Economist Richard Florida took a look at gun deaths and other social indicators in 2011 and found that stress and mental illness didn’t correlate with gun deaths. But he did find one telling correlation: States with tighter gun control laws have fewer gun-related deaths.
Even though 52% of Americans support stricter gun control, according to Gallup, only 19% support a ban on handguns. This may arise from the fact that 4 in 10 Americans live in a household with a gun, while 30% say they own one, according to the Pew Research Center.
The weapon used in Uvalde was an AR-15 variant; so was the one used in the Buffalo supermarket shooting less than two weeks before. Both shooters were under 21. Texas laws, allow 18-year-olds to purchase a long gun or rifle.

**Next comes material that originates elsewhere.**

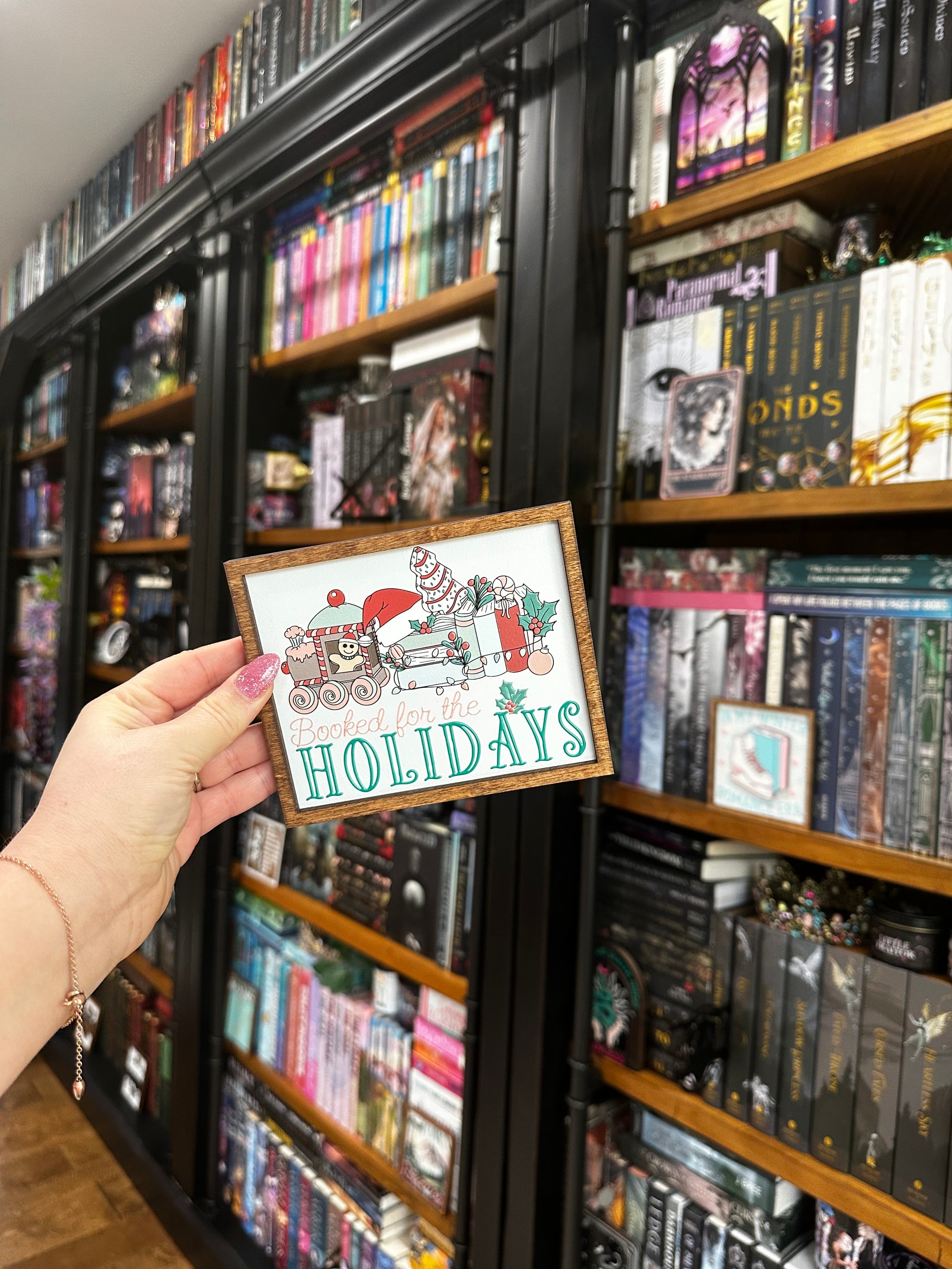 Wooden sign with a white background and woodgrain frame. Graphic features a gingerbread train pulling a stack of books with other Christmas items with text below that reads "Booked for the Holidays". © FireDrake Artistry 2024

The families of nine victims of the Sandy Hook Elementary School shooting agreed to a 73 million dollar settlement of a lawsuit against the maker of the rifle used to kill 20 first graders and six teachers in 2012.
In 1994, President Bill Clinton banned the AR-15 and other similar semiautomatic rifles. After its ban, mass shootings were down in the decade that followed, in comparison to the decade before (1984-94) and the one after (2004-14), NPR reported in 2018. But once the ban expired in 2004, gun manufacturers quickly began production and sales rose.
Congress tried to pass a compromise bill to expand background checks in 2013, months after the Sandy Hook shooting. The bill failed to pass, as most Republicans and a handful of Democrats opposed the legislation.
Democrats have already passed bills to expand background checks to all firearm sales or transfers and close the so-called “Charleston loophole”. That loophole, which would increase the amount of time that licensed gun sellers must wait to receive a completed background check before transferring a gun to an unlicensed buyer, allowed a white shooter to target a historically Black church in Charleston in 2015.
Still, guns and gun culture are deeply embedded in America. “And to change a culture is infinitely harder than to change laws”, writes journalist Graeme Wood for The Atlantic. “I am not sure where that leaves us. Or rather, I am all too sure”, he states.